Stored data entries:
# # # #

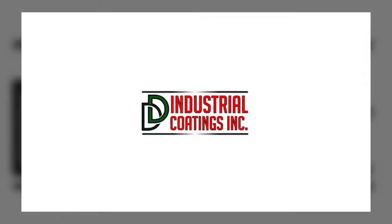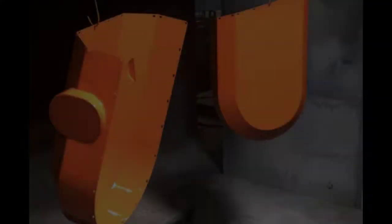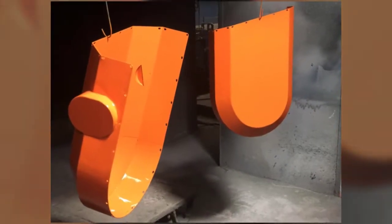Are you in need of industrial coating? At D&D Coating, we pride ourselves at making sure you have the best coatings to fit your needs.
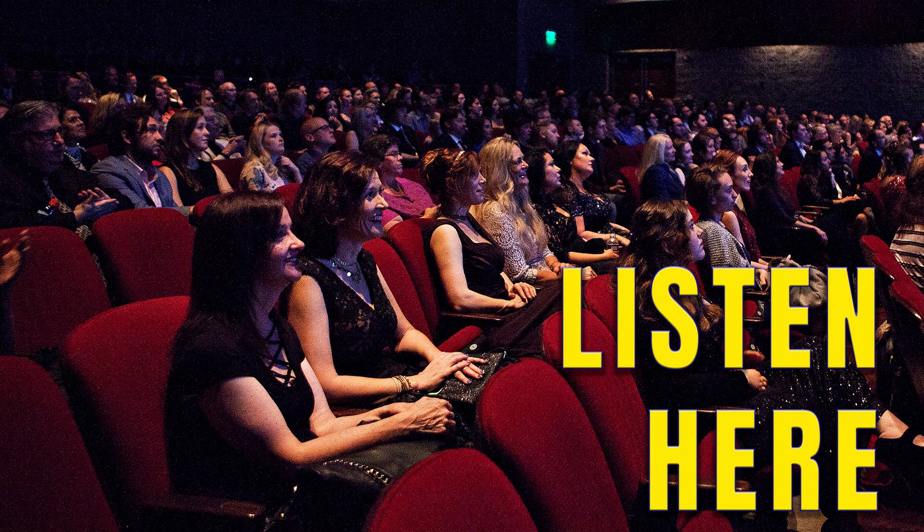6. Edit Thoughtfully. Post-production is where your film truly comes to life. Edit your film with care, paying attention to pacing, continuity, and sound design. Make sure your film looks and sounds as professional as possible within your means.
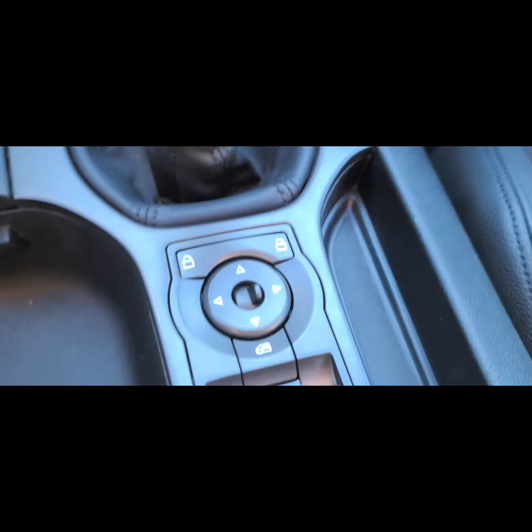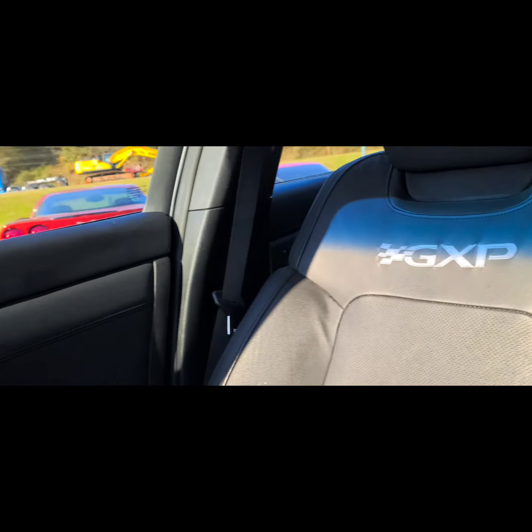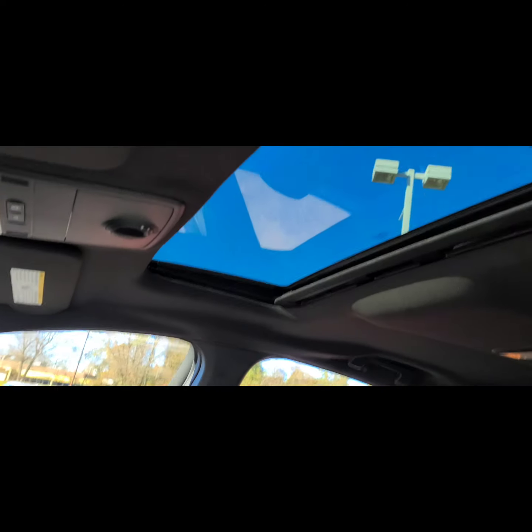Heated seats. There's your manual transmission. He's got the sunroof.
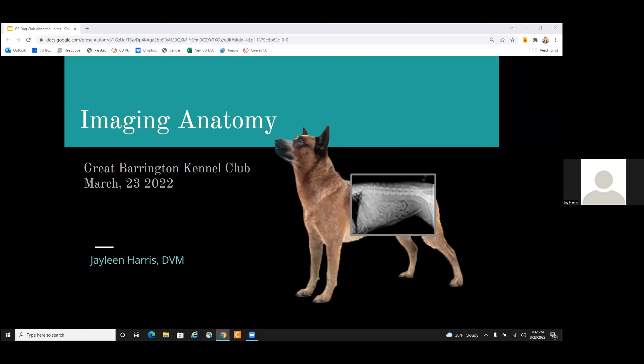Okay, so yes, we will go over imaging anatomy. My name is Jaylene. I go by Jay, though, so if you have a question, just holler out.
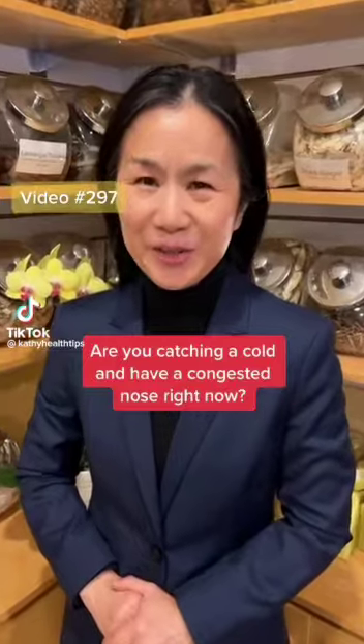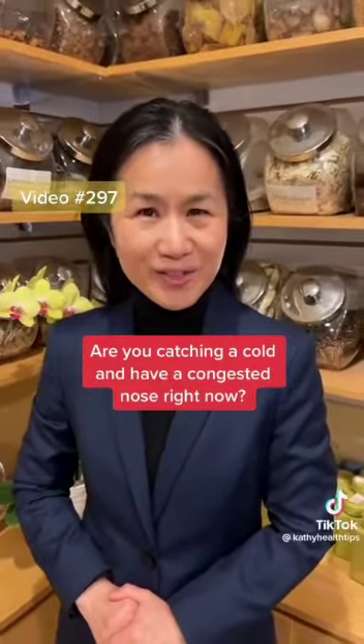Hi! Do you have a cold and a congested nose right now? Use your thumbs on this area.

# # # #

| EXERCISE DESCRIPTION |
Reproduce the complete set of records verbatim and omit the pictures.

| TASK OUTPUT |
Are you in need of industrial coating? At D&D Coating, we pride ourselves at making sure you have the best coatings to fit your needs.
6. Edit Thoughtfully. Post-production is where your film truly comes to life. Edit your film with care, paying attention to pacing, continuity, and sound design. Make sure your film looks and sounds as professional as possible within your means.
Heated seats. There's your manual transmission. He's got the sunroof.
Okay, so yes, we will go over imaging anatomy. My name is Jaylene. I go by Jay, though, so if you have a question, just holler out.
Hi! Do you have a cold and a congested nose right now? Use your thumbs on this area.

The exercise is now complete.